As the State General Treasurer, the finance minister has the authority to manage and allocate state cash positions under Law No. 1/2004 on State Treasury. Therefore, reallocating funds without altering the state budget structure is entirely within the law. Furthermore, Purbaya’s decision to abandon the long-standing practice of budget blocking enhances legal certainty for ministries and agencies. Without the fear of sudden revisions, programs can be executed more smoothly. In administrative law terms, this approach helps reduce fiscal maladministration that often arises from mid-year policy changes.

 

Still, this paradigm shift is not without challenges.
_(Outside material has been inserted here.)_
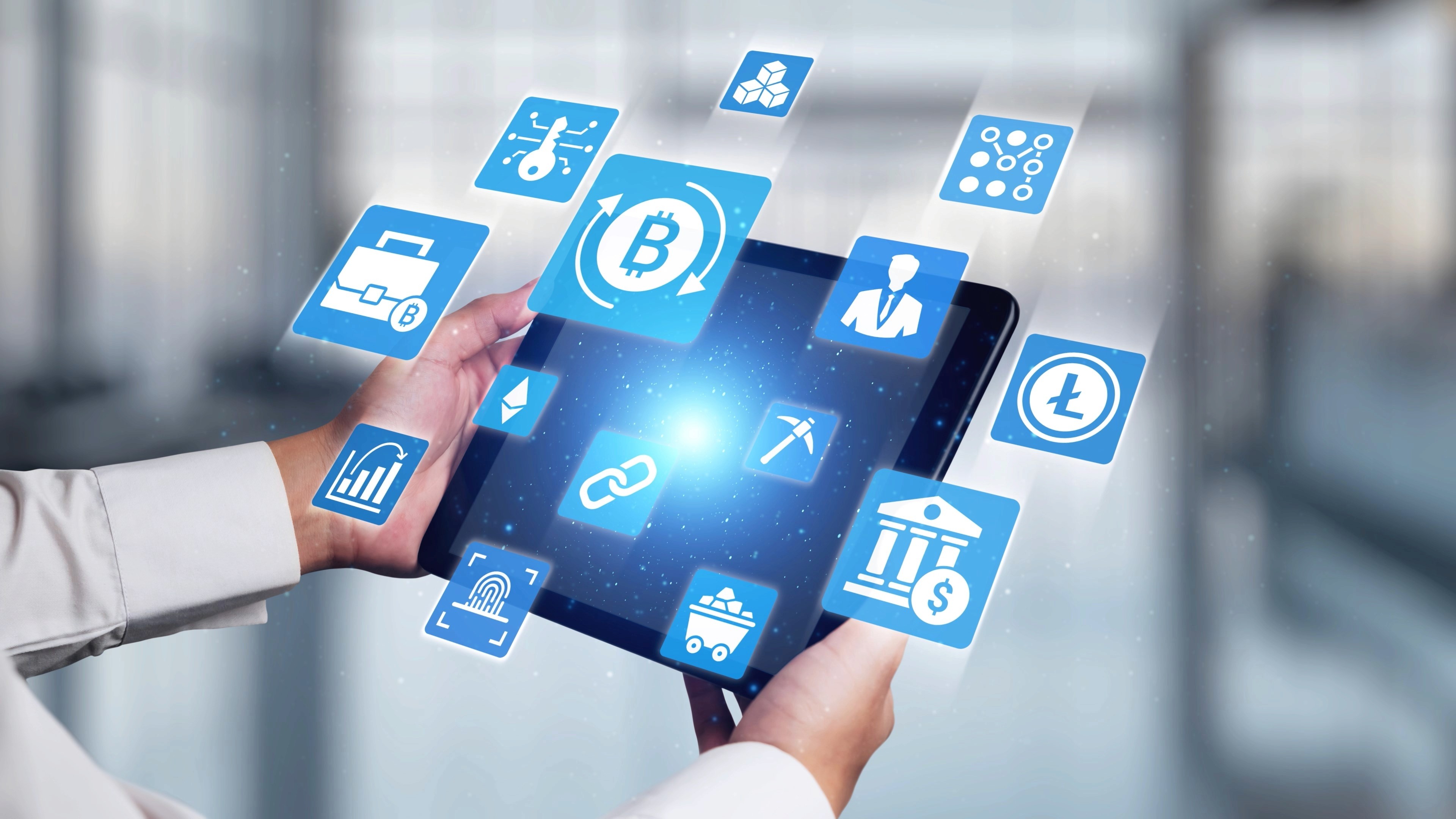 Spacious open-plan office with rows of desks and striking circular ceiling lights.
The government must revise or revoke PMK 57/2025, which still legitimizes across-the-board spending cuts, to prevent regulatory contradictions. At the same time, better oversight mechanisms are essential. Moving funds around without changing budget allocations requires transparency and real-time monitoring to avoid misuse. Without robust internal audits, the “relocation” of idle funds could create new vulnerabilities in public finance governance.

 

Purbaya’s version of efficiency represents a reform in Indonesia’s fiscal philosophy: from nominal efficiency to substantive efficiency. It replaces the obsession with spending cuts with a focus on performance and accountability. This shift calls for bureaucrats to stop asking, “How much can we cut?” and instead ask, “How effectively are we spending?” In legal and policy terms, this aligns with Indonesia’s long-standing aspiration toward performance-based budgeting—a principle that measures efficiency by outcomes, not reductions.

 

True efficiency in public finance is not about how little the government spends, but how wisely it uses public money. Purbaya offers a more rational and legally coherent vision: efficiency as fairness and precision in the use of state funds. The real test, however, lies in consistency. Without fiscal discipline, transparency, and inter-agency coordination, this new model of efficiency risks ending up like the old one—a promising reform stranded in bureaucratic inertia.